I like the L shaped ez oil drain valve, it has a place in certain situations.

I've never seen the Form a Funnel, what a great idea. Great in a toolbox or motor home.

And there are times I've made a funnel from a soda bottle, or used a funnel to drain in to a soda bottle.


----------



## tabora (Mar 1, 2017)

I'm lovin' my Drainzits on both the HSS1332ATD and HR214SMA...


----------



## legarem (Sep 9, 2017)

legarem said:


> I ended my search and bought this from here:
> 
> Search results for: 'honda oil drain'


BEWARE

I received the oil drain tube yesterday and it doesn't fit on a Honda GX390 engine. Oil drain tube is too small. It can be inserted inside the 12mm threaded oil drain plug.


----------



## snow-shovel (Aug 13, 2015)

CalgaryPT said:


> Very nice.
> 
> Has anyone ever used Form-A-Funnel? Are they any good?

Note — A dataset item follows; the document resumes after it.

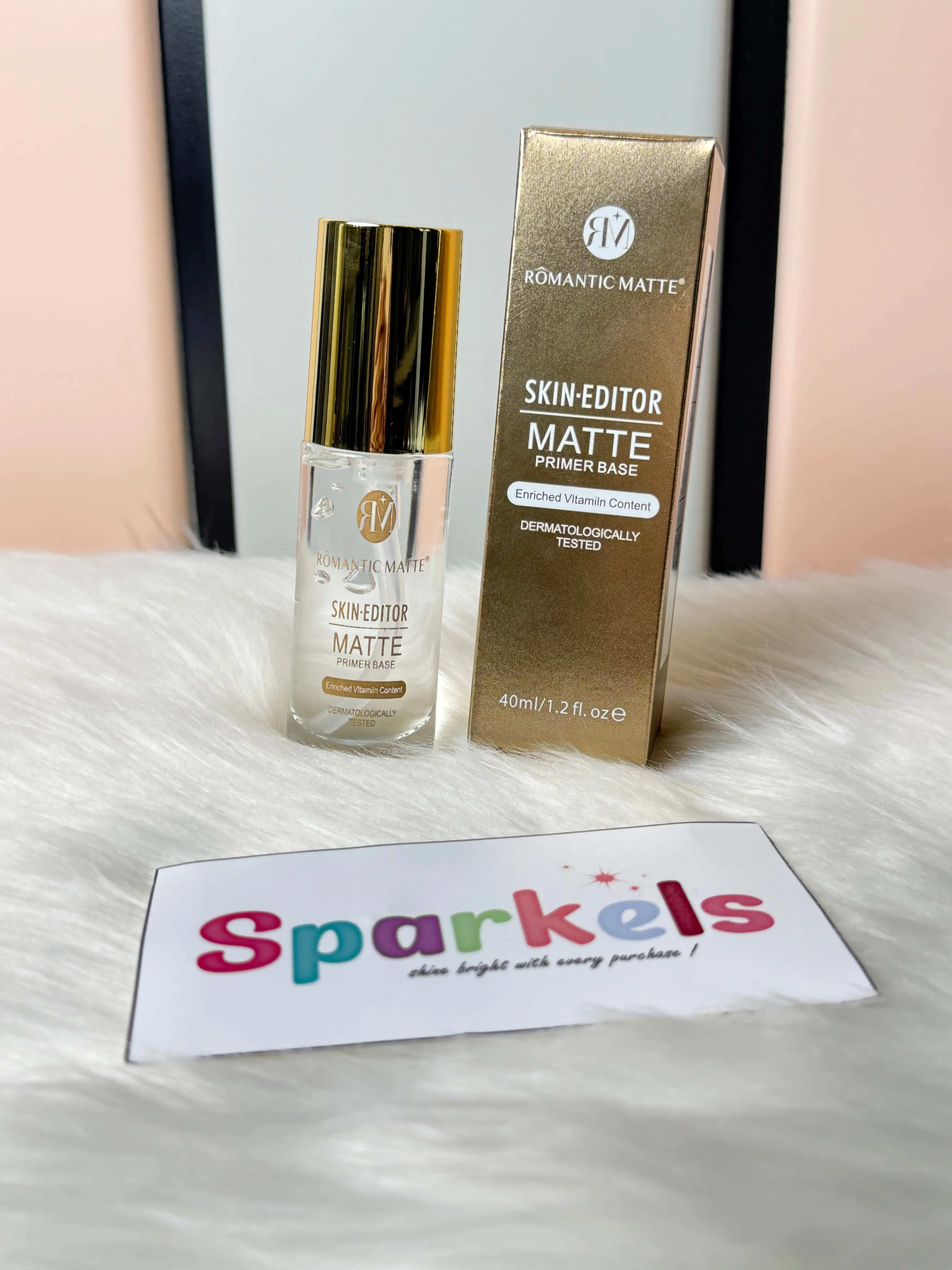 Romantic Matte Skin Editor Primer Base – Vitamin-Enriched Matte Finish (40ml) Sparkels  Sparkels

Yes, I have had one for several years and use it frequently below the oil filter on my cars or under the drain of my snowblower. Works great and will form and stay in any shape.


----------



## db9938 (Nov 17, 2013)

Looks like a fumoto oil drain. I had one on a truck for 12 years, without a problem.


----------



## adegrno (Jul 6, 2017)

Kiss4aFrog said:


> Nope but I do use a 2 liter bottle cut like the form a funnel and it works great. :smile2:


Same method i use. Works just fine. 

Sent fra min SM-G920F via Tapatalk


----------



## 69800 (Oct 4, 2017)

*Correction*

I see now that this setup can only be installed if you unbolt the engine and lift is up a bit. Drainzit can be installed much more easily but I wish the hose was removable like EZ drain. 




69800 said:


> L-SHAPED HOSE END - EZ Oil Drain Valve- The Easiest Oil Change!
> SMALL ENGINE APPLICATIONS - EZ Oil Drain Valve- The Easiest Oil Change!
> 
> I have EZdrains on all of my cars, trucks and machines. I saw the Drainzit but without modification it does not look good. EZdrain make the EZ-109 for the GX-390 (and smaller) engines (M12-1.5). Plus they have a swivel head (L-001) or straight nipple (H-001) that screws into the drainvalve with a nipple. I will simply slide a drain hose onto the nipple when I change oil and remove it when done. Way better than Drainzit.
> ...


----------



## 69800 (Oct 4, 2017)

*Honda changed the oil plug on the 1332*

My new 1332 now has an extension where the oil plug is. I had bought an ez change hose kit for it but it no longer fits the 1332. The new extension is smaller in size than the block plug. I would like to use the extension. Does anyone know what metric size the new extension is. Neither my ez drain or drainzit will fit the new extension. I would prefer to use the EZdrain valve and slip a hose on when I want to change oil.

L-SHAPED HOSE END - EZ Oil Drain Valve- The Easiest Oil Change!
SMALL ENGINE APPLICATIONS - EZ Oil Drain Valve- The Easiest Oil Change!


----------



## 69800 (Oct 4, 2017)

Now that I get looking it looks like the extension drain plug reduces the plug down from 12mm to 10mm


----------



## JnC (Feb 21, 2014)

69800 said:


> I see now that this setup can only be installed if you unbolt the engine and lift is up a bit. Drainzit can be installed much more easily but I wish the hose was removable like EZ drain.


I mentioned that in Post#2 in this thread. 

Honestly even if you do install the EZ drain youd need to keep a hose handy to be able to drain the motor when needed. I have drainzit on all of my snowblowers and its easy, neat and tucks away neatly.


----------



## 69800 (Oct 4, 2017)

I mean they added an extension onto the original block drain which was 12mm. The extension from the factory is about 1 1/4 inches long and is a 10mm 1.25 thread hole. I could remove it but if I keep it I can use my ezdrain with just a nipple rather than the drainzit with hose always attached.


----------